Mohamed Q. Amin, founder and executive director of Caribbean Equality Project, told Gay City News he participated in a panel focusing on the ways in which queer and trans people of color — including immigrants and sex workers — face criminalization. Caribbean Equality Project is part of Equality New York’s coalition to advance legislation, which met with several lawmakers as part of the advocacy day, including Hoylman and out Assemblymembers Deborah Glick and Jessica González-Rojas. State Senator Julia Salazar and Assemblymembers Catalina Cruz, Harvey Epstein, and Nathalia Fernández also met with advocates, according to Caribbean Equality Project.

“As we emerge from the COVID-19 pandemic, the state must create sustainability investment opportunities for grassroots community-based organizations that have been on the front lines protecting the most impacted LGBTQ+ New Yorkers.” Amin told Gay City News.

Among the many priorities for LGBTQ advocates include the Gender Identity Respect, Dignity, and Safety Act, which would require state and local correctional facilities to house inmates in accordance with their self-attested gender identity. Assemblymember Jessica González-Rojas is a co-sponsor of that bill.

“At a time when states across the nation are introducing and passing several anti-LGBT legislation, including legislation that harms the lives of children, New York must lead,” González-Rojas said in a written statement. “I’m proud to have joined advocates and colleagues to call for the passage of bills that will make LGBTQ people in prison feel safer and students feel heard and affirmed.”

Meanwhile, there is unfinished work after advocates secured $1 million for the Lorena Borjas Trans and Wellness Equity Fund, which is intended to offset the unequal distribution of funding to LGBTQ organizations by allocating money dedicated to trans and non-binary New Yorkers. While the $1 million was far less than the $13 million fund that was established for the same purpose in California, advocates are pushing a proposal to ensure that funding stream is consistent.

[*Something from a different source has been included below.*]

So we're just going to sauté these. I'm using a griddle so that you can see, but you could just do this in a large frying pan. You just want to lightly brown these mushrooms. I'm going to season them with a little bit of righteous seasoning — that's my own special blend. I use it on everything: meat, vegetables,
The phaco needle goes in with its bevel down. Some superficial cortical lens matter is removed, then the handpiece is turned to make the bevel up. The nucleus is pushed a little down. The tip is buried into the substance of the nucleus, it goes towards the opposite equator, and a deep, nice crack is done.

Among other initiatives, advocates are also encouraging lawmakers to advance the Gender Inclusive Ballot Act, which would allow non-binary people to run for state party positions. That bill, which has passed the Senate Elections Committee, was crafted by out trans Democratic State Committee Member Émilia Decaudin and is carried by State Senator Zellnor Myrie and González-Rojas.

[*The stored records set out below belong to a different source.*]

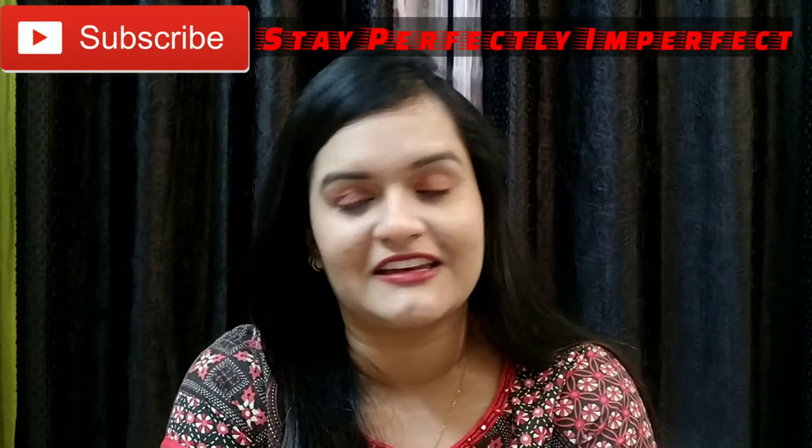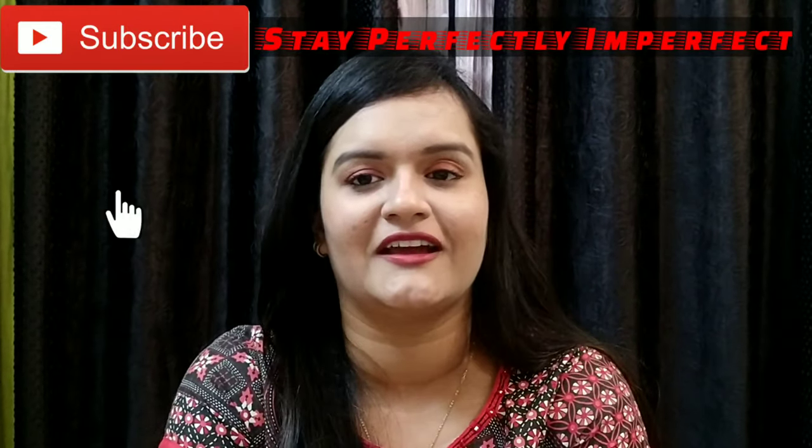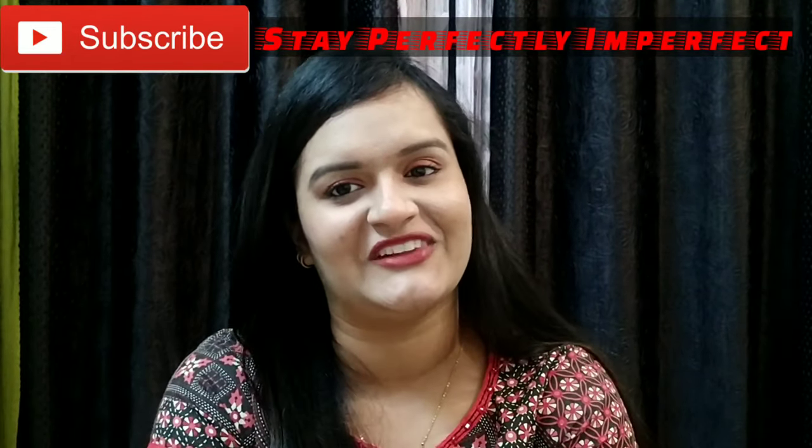If you liked this video please share it with your friends. If you are new to my channel Stay Perfectly Imperfect, please subscribe so you don't miss my videos. And last but not least, believe in the philosophy of loving yourself.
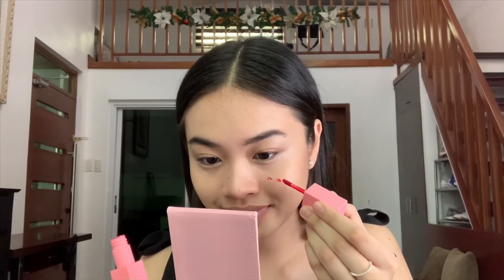And I can even use it on my brows. For my drunk blush, I'm using the Generation Happy Skin Kiss & Bloom Water Lip & Cheek Tint in the shade Tainty, and I'm just gently tapping it onto my skin.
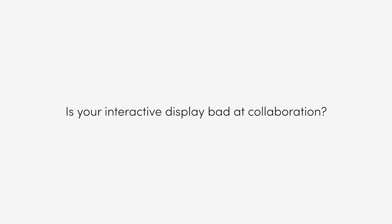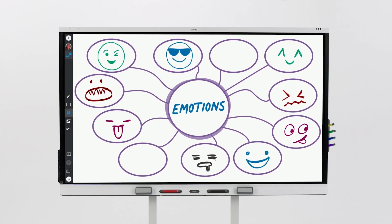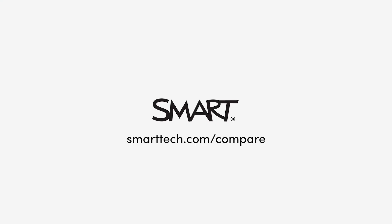Okay. Is your interactive display bad at collaboration? Smart displays with IQ make it easy for your whole class to collaborate. Learn more at smarttech.com/compare.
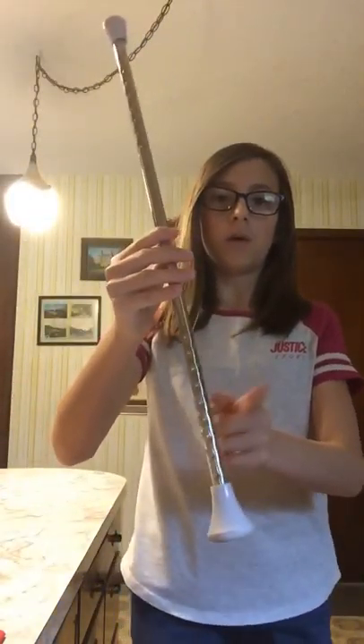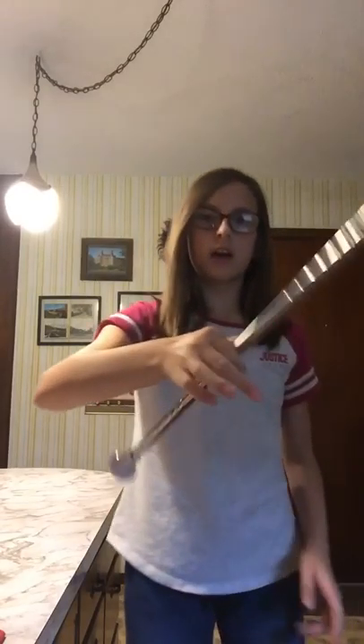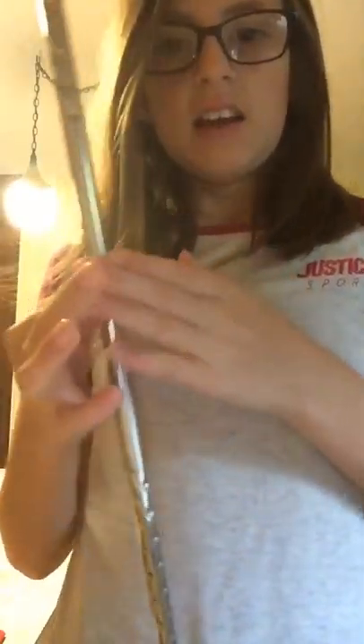So you're gonna twist it. This one always goes outside, up above you; this one always goes below you. You can get faster at it — faster, faster — and make sure it doesn't hit your face.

“These bills are about saving lives, creating safety and most importantly, providing an investment in those who need it the most,” Elisa Crespo, executive director of the New Pride Agenda, told Gay City News. “We look forward to the legislature passing and the Governor signing these bills into law this session.”

Hoylman also pointed to additional LGBTQ measures on the table, such as his proposed bill to establish a bill of rights for LGBTQ seniors in long-term care facilities and legislation to make New York a safe haven for trans kids and families who are facing harassment or criminalization in other states. Both of those bills are backed by another out LGBTQ lawmaker, Assemblymember Harry Bronson of Rochester, who is the lead sponsor of the safe haven bill in the Assembly.

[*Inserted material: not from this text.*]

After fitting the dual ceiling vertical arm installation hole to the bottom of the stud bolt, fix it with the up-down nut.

“There is a hate-filled movement being carried out in some state houses throughout this country to criminalize the core of a person’s identity. New York will not be complicit in this activity,” Bronson said in a written statement. “This legislation meets the moment and provides critical protections to those families fleeing states that do not recognize the inherent dignity and respect trans children rightly deserve.

When asked about the likelihood of the LGBTQ-related bills advancing this year, Hoylman expressed some confidence — but he also warned of incoming distractions just hours after the state’s Court of Appeals struck down new Congressional and State Senate district lines.

“There is a lot to get done before we depart, and now we got this new curveball,” Hoyman said. “I’m not sure what impact that’s going to have, but it’s going to add to the already volatile political environment. We’re going to have to keep our heads down and focus on getting these bills across the finish line.”